Kyrgyz Republic: The U.S.-Kyrgyz Republic Bilateral Investment Treaty entered into force on January 12, 1994. The Department was aware of an outstanding investment dispute between a U.S. company and the Government of the Kyrgyz Republic involving an alleged breach of the terms of its telecommunications joint venture agreement, which has been resolved. The U.S. Embassy and other U.S. Government officials played an active role in the case, encouraging the parties to reach a mutually beneficial resolution of the dispute.
Tajikistan: Negotiations on a Bilateral Investment Treaty between the U.S. Government and the Government of Tajikistan have been inactive since April 1993. The Department is aware of no active investment dispute between a U.S. company and the Government of Tajikistan.
Turkmenistan: Negotiations on a Bilateral Investment Treaty between the U.S. Government and the Government of Turkmenistan have been inactive since March 1998, pending action by the Government of Turkmenistan.
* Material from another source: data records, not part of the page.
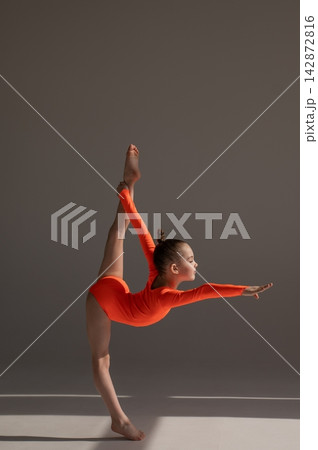 A little Caucasian girl gymnast in an orange leotard demonstrates her skills on a white background. A little Caucasian girl gymnast in an orange leotard demonstrates her skills on a white background. 142872816
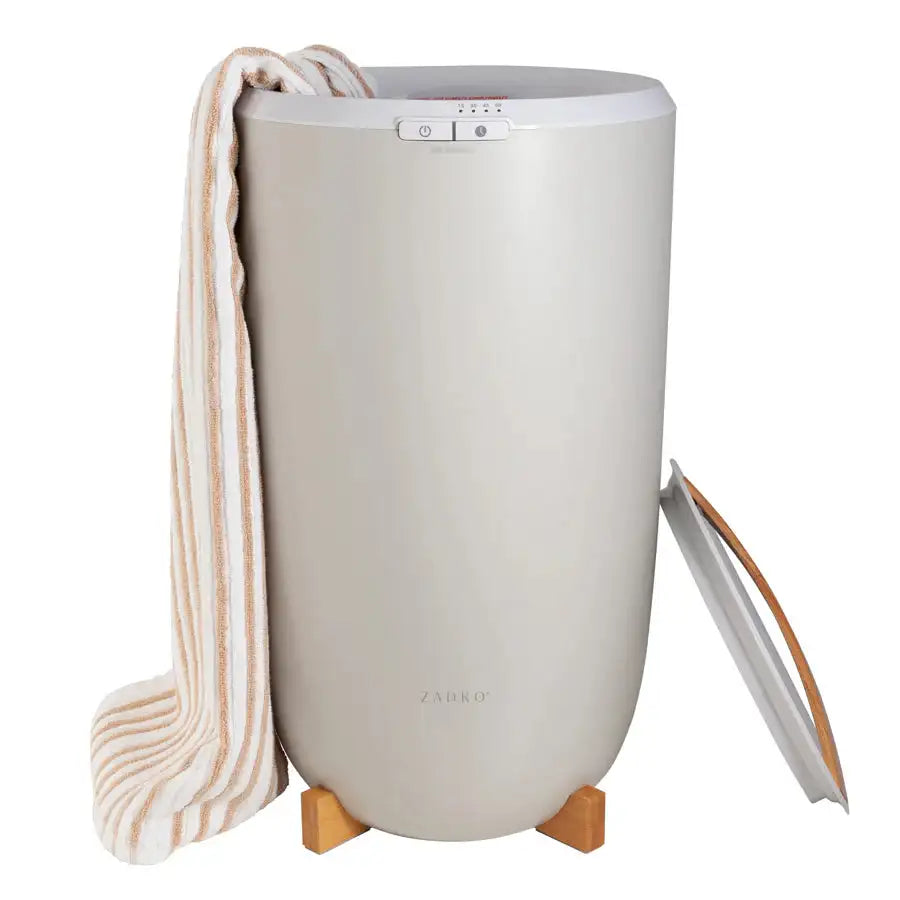 Beige Zadro towel warmer holding striped bath towel with lid open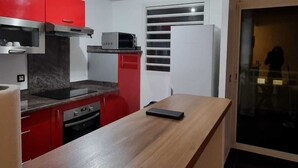 Una cuina compacta amb armaris vermells, un microones i un frigorífic.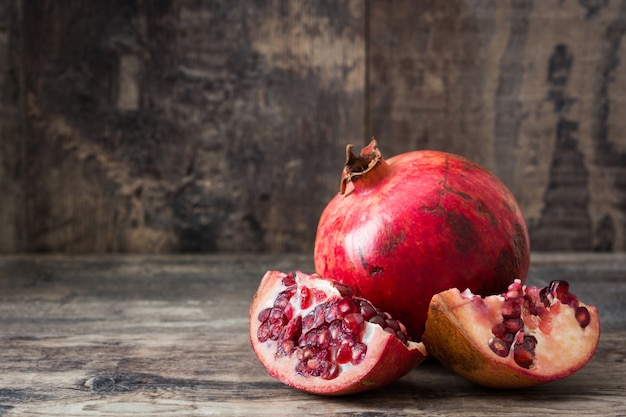 Pomegranate on rustic wooden background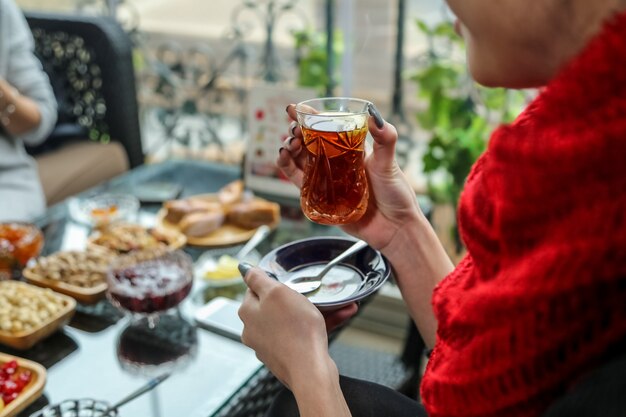 Vista lateral, una mujer está bebiendo té en un vaso de armudu con dulces sobre la mesa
The Department is aware of no active investment disputes involving U.S. firms and the Government of Turkmenistan.
Uzbekistan: The U.S. Government and the Government of Uzbekistan signed a Bilateral Investment Treaty on December 16, 1994. The U.S. Senate gave its advice and consent to ratification on October 18, 2000, after the executive branch gave its commitment not to bring the treaty into force until Uzbekistan undertakes economic reforms so that its policies are not in violation of the treaty's terms. Uzbekistan has completed its domestic ratification process. Entry into force is pending exchange of instruments of ratification, following satisfactory economic reforms by the Government of Uzbekistan. The Department is aware of thirteen active trade and/or investment disputes between U.S. companies and the Government of Uzbekistan. In two major disputes U.S. companies have accused the GOU of seizing ethyl alcohol imports pursuant to a law not in effect at the time the goods were imported. In a third large dispute a U.S. company alleges the GOU has seized its assets and reduced its share in a joint venture with another U.S. company due to a personal dispute between the company's owner and the daughter of a GOU official. In two other claims U.S. companies state they have not been paid for agricultural chemicals sold to the GOU in 2001. The remaining claims involve uneven application of currency restrictions, tax laws, and visa policies. The U.S. Embassy is monitoring these cases and is providing all appropriate assistance.